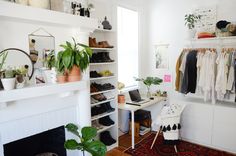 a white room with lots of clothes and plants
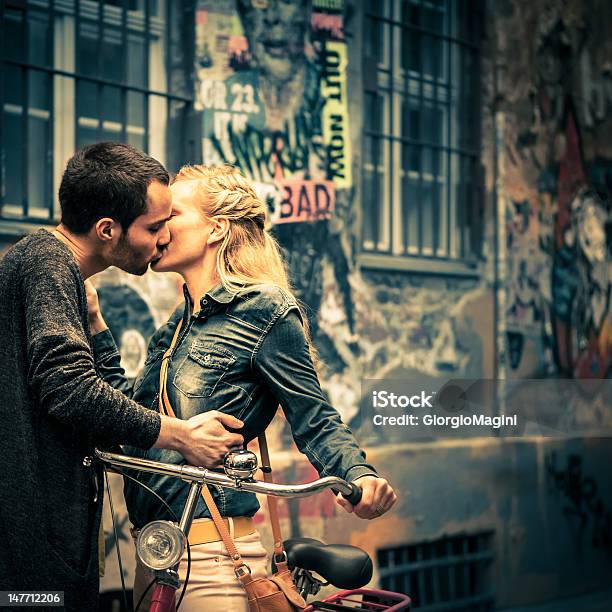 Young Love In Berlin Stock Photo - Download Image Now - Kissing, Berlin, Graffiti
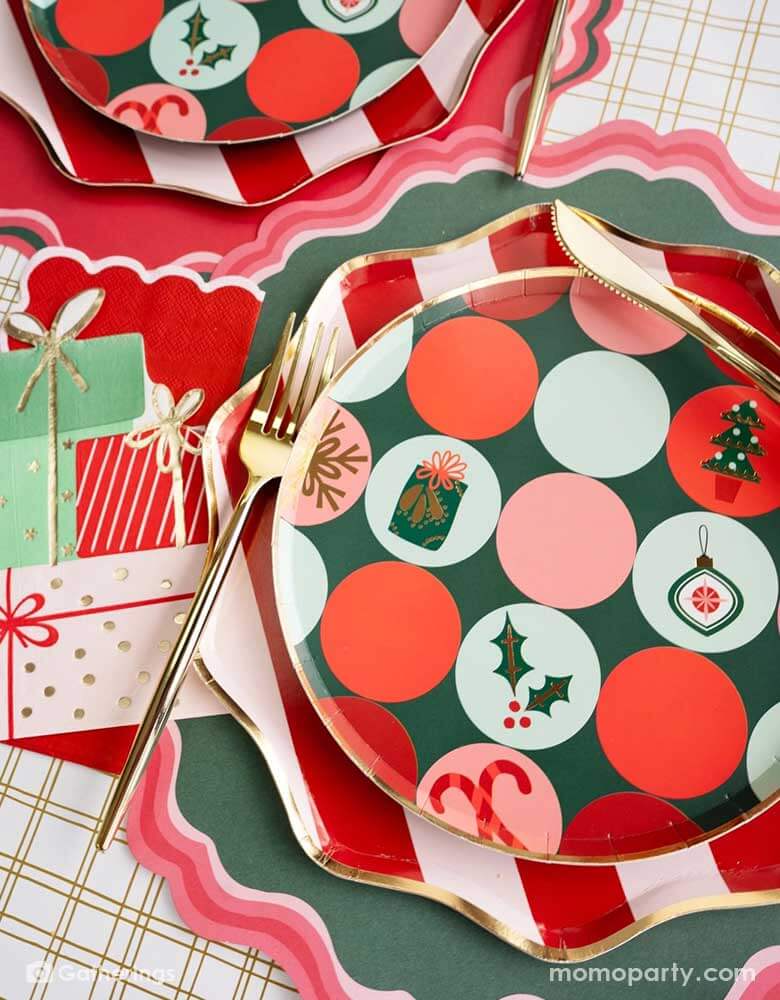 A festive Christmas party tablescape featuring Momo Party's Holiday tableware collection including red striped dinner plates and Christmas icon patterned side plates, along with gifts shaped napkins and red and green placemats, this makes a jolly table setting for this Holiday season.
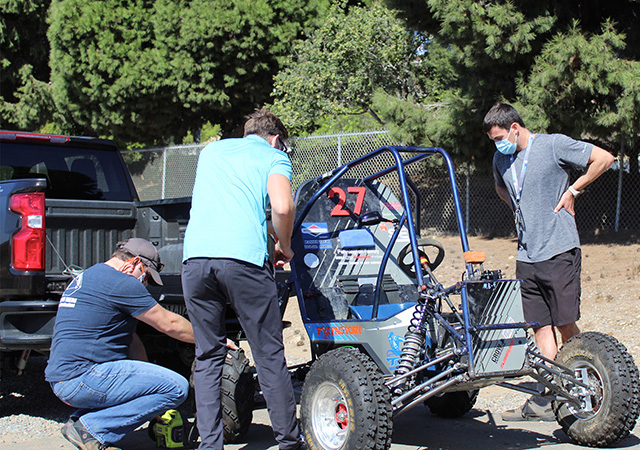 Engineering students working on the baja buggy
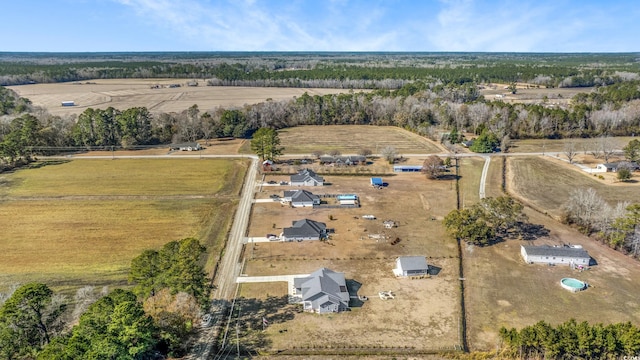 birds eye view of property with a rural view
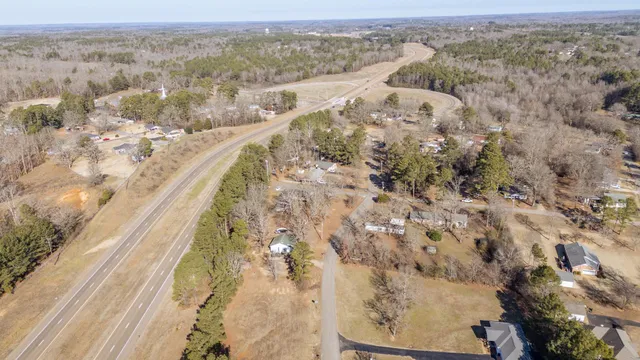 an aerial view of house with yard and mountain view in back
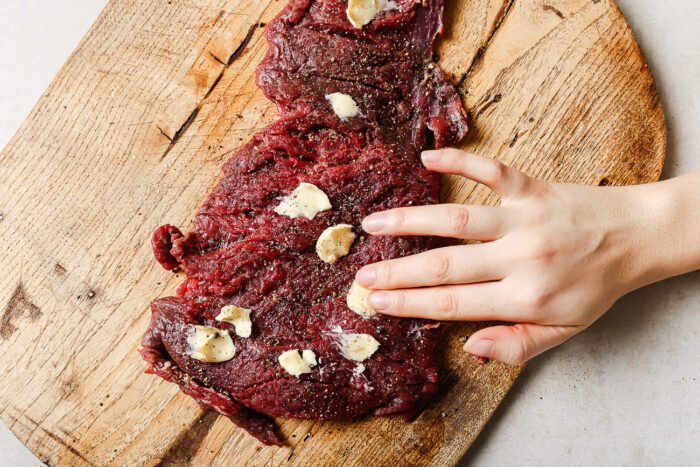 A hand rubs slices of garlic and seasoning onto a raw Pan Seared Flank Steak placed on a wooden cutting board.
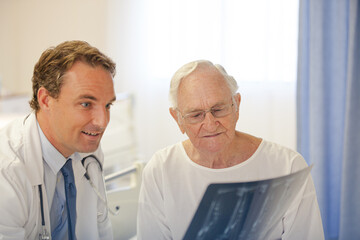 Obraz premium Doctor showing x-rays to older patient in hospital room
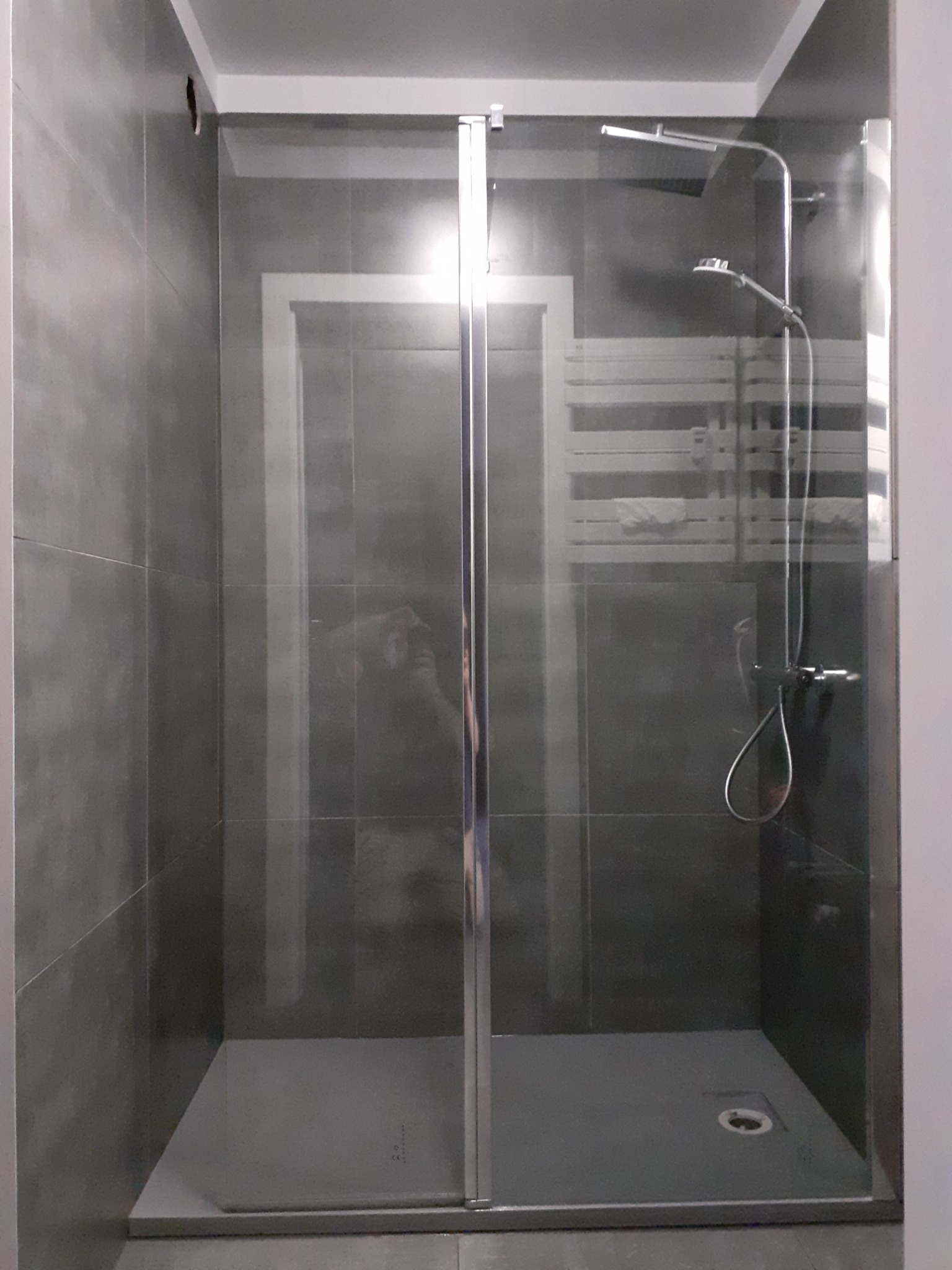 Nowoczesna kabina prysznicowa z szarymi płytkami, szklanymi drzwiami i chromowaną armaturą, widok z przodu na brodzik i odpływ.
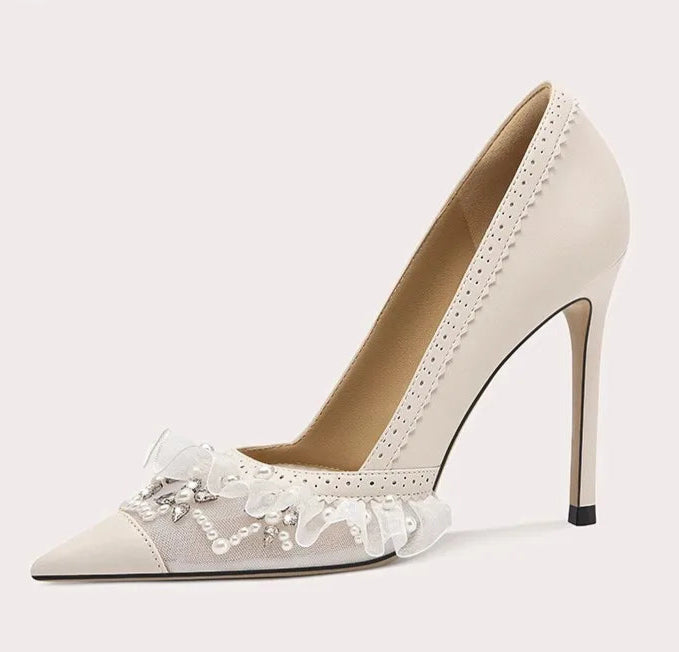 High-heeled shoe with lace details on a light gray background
****************
**Your goal:**
Your task is to reproduce exactly the lines from the one with "Obraz premium Doctor" to the end of the material, both included, with the pictures left out.

**Final answer:**
 Obraz premium Doctor showing x-rays to older patient in hospital room
 Nowoczesna kabina prysznicowa z szarymi płytkami, szklanymi drzwiami i chromowaną armaturą, widok z przodu na brodzik i odpływ.
 High-heeled shoe with lace details on a light gray background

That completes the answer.